Créance de moins de 5 000 € : la procédure simplifiée de recouvrement
Mis à jour le 5 juillet 2026 · Par l’équipe BLEME
La procédure simplifiée de recouvrement des petites créances permet d’obtenir un titre exécutoire délivré par un commissaire de justice, sans passer devant un juge, pour toute créance contractuelle inférieure à 5 000 € (article L125-1 du Code des procédures civiles d’exécution). Créée pour désengorger les tribunaux des petits impayés, elle repose sur un mécanisme d’accord : le commissaire de justice invite le débiteur à reconnaître la dette et à convenir des modalités de paiement. Rapide et peu coûteuse quand le débiteur joue le jeu, inopérante quand il se tait.
Les trois étapes
| Étape | Ce qui se passe | Délai |
|---|---|---|
| 1. Invitation | Le commissaire de justice envoie au débiteur une lettre recommandée l’invitant à participer à la procédure | Départ de la procédure |
| 2. Réponse du débiteur | Il accepte (et discute montant et échéancier) ou refuse ; le silence vaut refus | 1 mois |
| 3. Titre exécutoire | En cas d’accord, le commissaire de justice délivre un titre qui permet l’exécution forcée si l’échéancier n’est pas tenu | Dans la foulée de l’accord |
Quand la choisir, quand l’éviter
- Bon cas : le client reconnaît devoir la somme, promet, repousse — un accord cadré avec titre exécutoire à la clé transforme ses promesses en engagement contraignant.
- Bon cas : vous voulez préserver la relation commerciale — la démarche est moins frontale qu’une assignation, et l’échéancier négocié est son cœur.
- Mauvais cas : le débiteur ne répond à rien depuis des semaines. Son silence enterre la procédure ; l’injonction de payer, qui aboutit sans lui, est alors la bonne voie.
- Mauvais cas : la créance est sérieusement contestée — aucun accord n’émergera, traitez le litige d’abord.
Avant de lancer : le dossier qui maximise l’accord
Le débiteur accepte d’autant plus volontiers que la dette est indiscutable. Arrivez avec la facture, le devis signé, la preuve d’exécution et une mise en demeure restée sans réponse : l’invitation du commissaire de justice n’est alors que la suite logique d’un dossier déjà solide. Pensez aussi à chiffrer pénalités et indemnité de 40 € dans le montant réclamé, tant que le total reste sous 5 000 €.

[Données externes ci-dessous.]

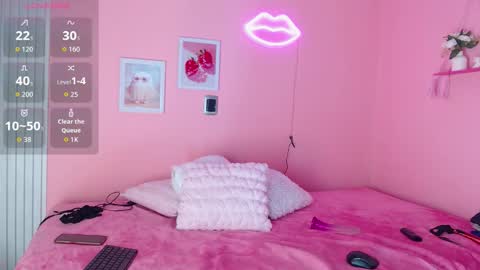 Snapshot of emilycollins__ chatting on 20, 2, 2026 Emily online show from 20, 2, 2026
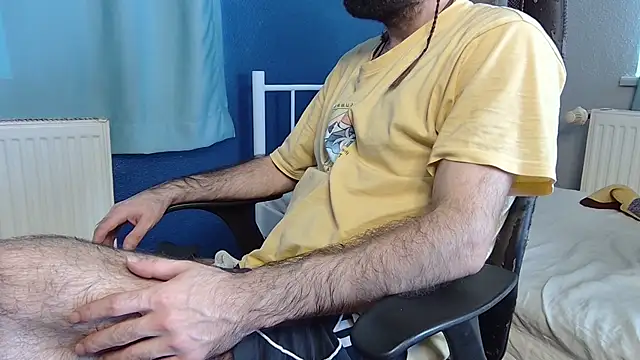 flydirty online show from November 16, 12:10 pm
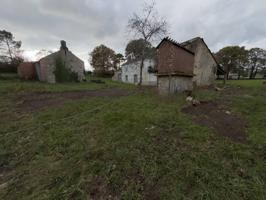 Casa De Campo En venta en Román, Villalba photo 0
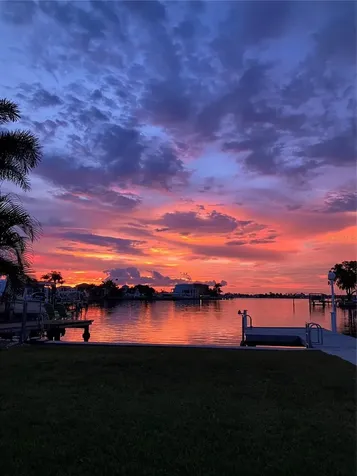 406 161st Avenue Redington Beach FL 33708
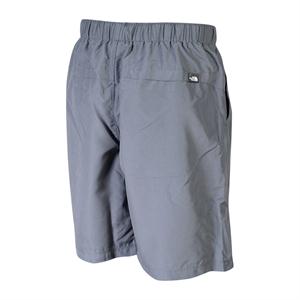 The North Face-Bermuda-M Class V Trunk AN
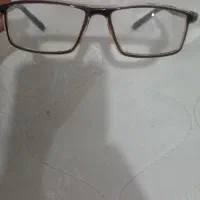 عینک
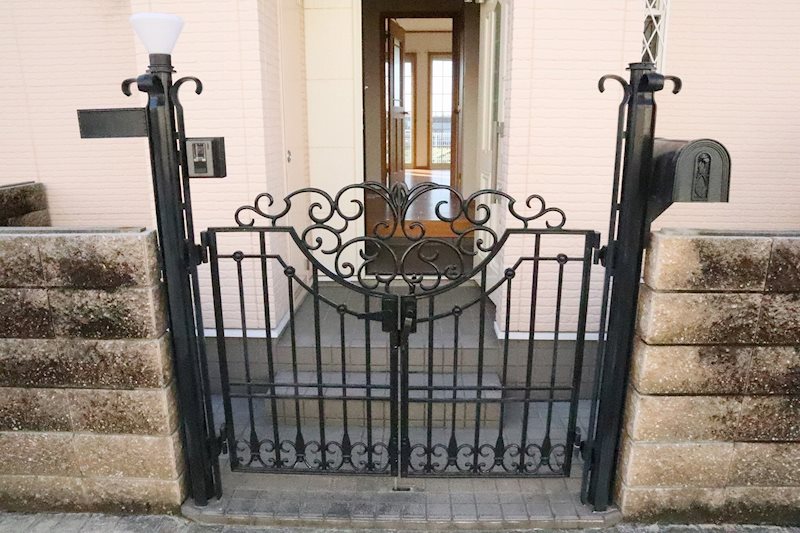 ツインコートいたくら その他1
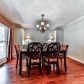 950 Old Magnolia Trl, Canton, GA 30115 ID:14972914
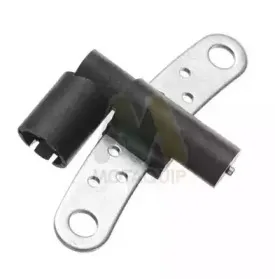 Датчик импульсов MOTAQUIP купить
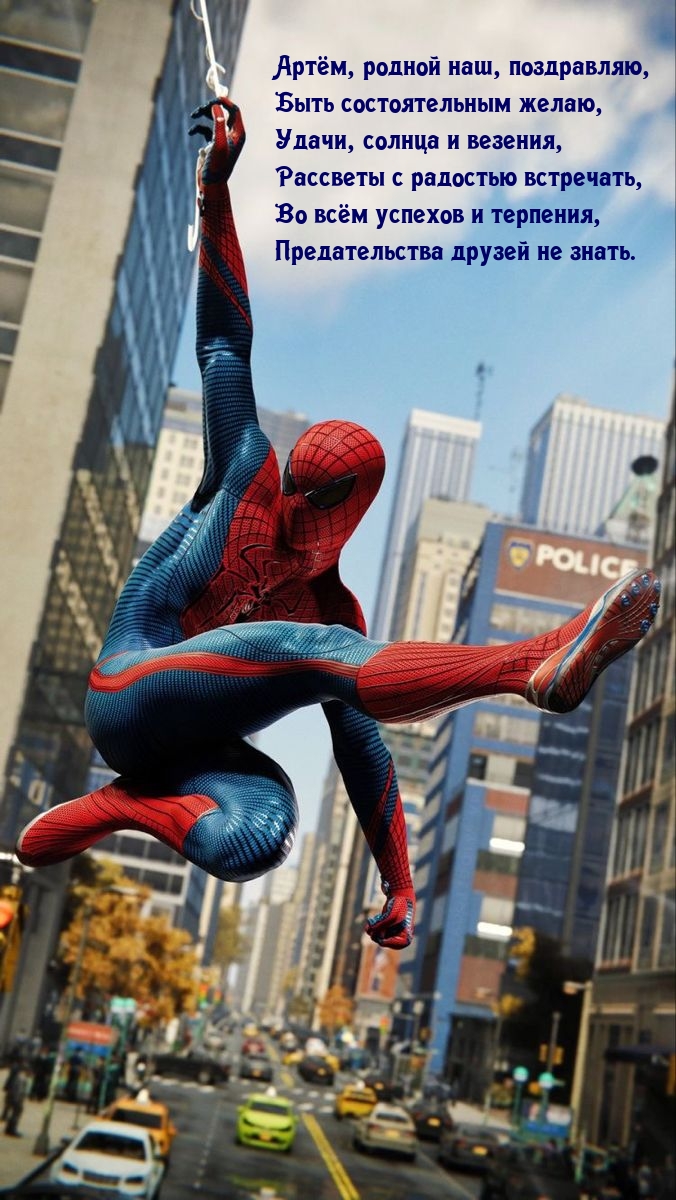 ,  , ,   .
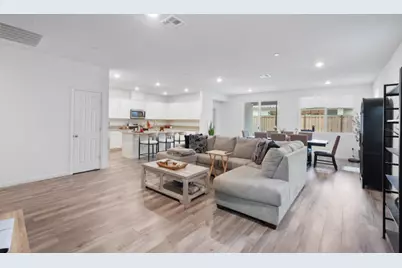 918 Cumbria Lane, Patterson, CA 95363 - Photo 4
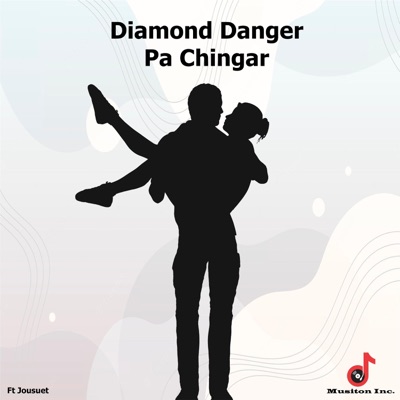 Pa Chingar (Jousuet Remix) - Single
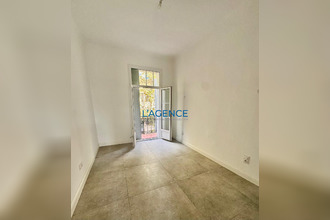 achat appartement hyeres 83400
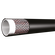 3/16  ID SAE 100R7 HYD HOSE 75MTR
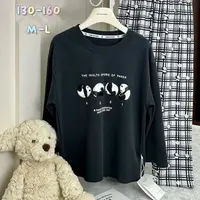 点 2025【Y】9月18日  男童女童时尚网格熊猫家居服套装5133-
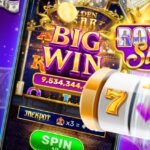 Slot Bertema Superhero yang Wajib Dicoba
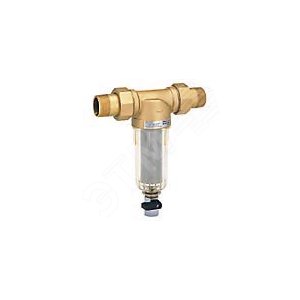Фильтр промывной для горячей воды FF06 1' AAM FF06-1AAM Honeywell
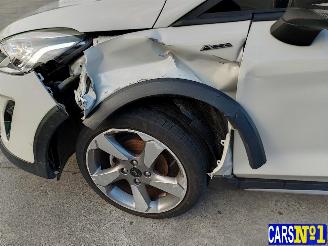 Ford Fiesta  picture 9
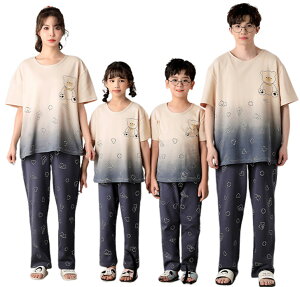 eqyA pW}   ZbgAbv q   gbvX Opc eq yApW} LbY t [EFA }} Ƒ  낢eq qp 傫T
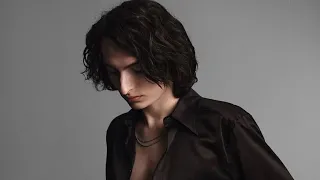 finn wolfhard edits compilation 1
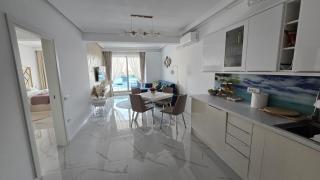 The Pearl of the Black Sea - 1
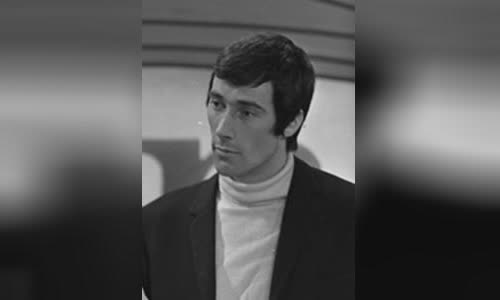 Roger Cook (songwriter)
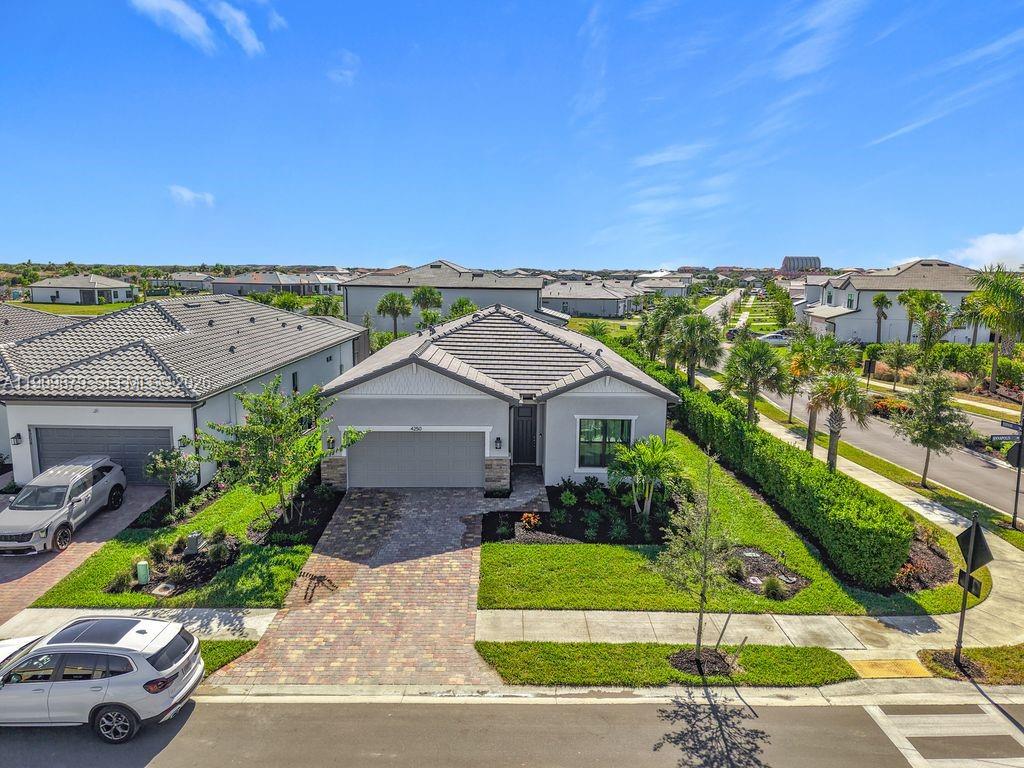 4250 Annapolis Avenue, Ave Maria, FL 34142, Ave Maria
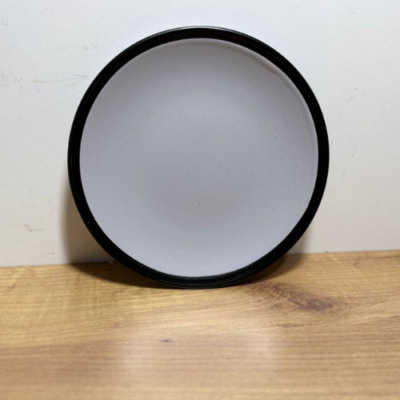 M0470-Tg00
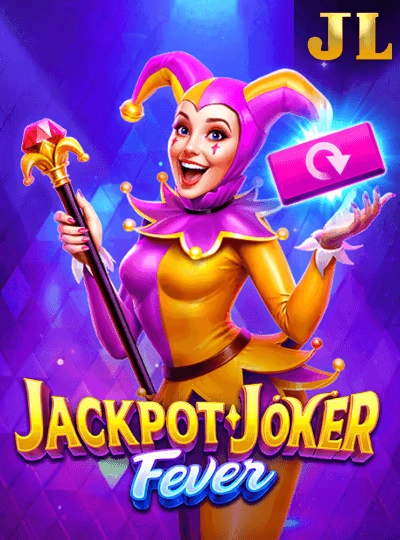 88f8 new game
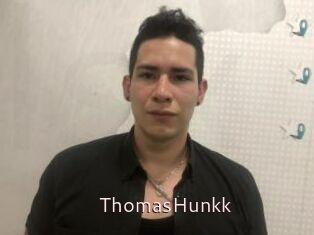 ThomasHunkk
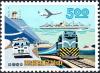 Colnect-5282-629-Transportation-Airplane-Bus-Train.jpg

Un point de vigilance : la prescription
La procédure ne dispense pas de surveiller les délais : la prescription de la créance continue de courir tant qu’aucun accord n’est trouvé ni aucune action en justice engagée. Si le débiteur laisse passer le mois sans répondre et que l’échéance de prescription approche, ne perdez pas de temps : basculez immédiatement sur l’injonction de payer.
Questions fréquentes
Le débiteur peut-il simplement ignorer la procédure simplifiée ?+
Oui, et c'est sa principale limite : sans réponse du débiteur dans le délai d'un mois, la procédure échoue et il faut basculer vers l'injonction de payer. Elle fonctionne bien face aux débiteurs de bonne foi qui reconnaissent la dette mais traînent ; mal face à ceux qui font le mort.
Combien coûte la procédure simplifiée ?+
Les frais sont réglementés et restent à la charge du créancier : quelques dizaines d'euros pour l'invitation initiale, puis des émoluments proportionnels en cas de succès. Le total reste généralement inférieur à une procédure judiciaire complète, mais contrairement à l'injonction de payer, ces frais ne peuvent pas être mis à la charge du débiteur.
Quelles créances sont éligibles ?+
Toute créance contractuelle (facture issue d'un devis, d'un contrat, d'un abonnement) ou résultant d'une obligation statutaire, dont le montant, intérêts compris, ne dépasse pas 5 000 €. Le débiteur peut être un professionnel ou un particulier.
Quelle valeur a le titre délivré par le commissaire de justice ?+
La même force qu'un jugement pour l'exécution : c'est un titre exécutoire qui permet de pratiquer des saisies. La différence est qu'il constate un accord entre créancier et débiteur sur le montant et les modalités, plutôt qu'une condamnation.
Puis-je lancer la procédure moi-même ?+
Oui : la demande se fait directement auprès d'un commissaire de justice du ressort de la cour d'appel où réside le débiteur, ou en ligne sur la plateforme dédiée de la profession. Il vous faut les pièces habituelles : facture, contrat ou devis, et idéalement une mise en demeure restée sans effet.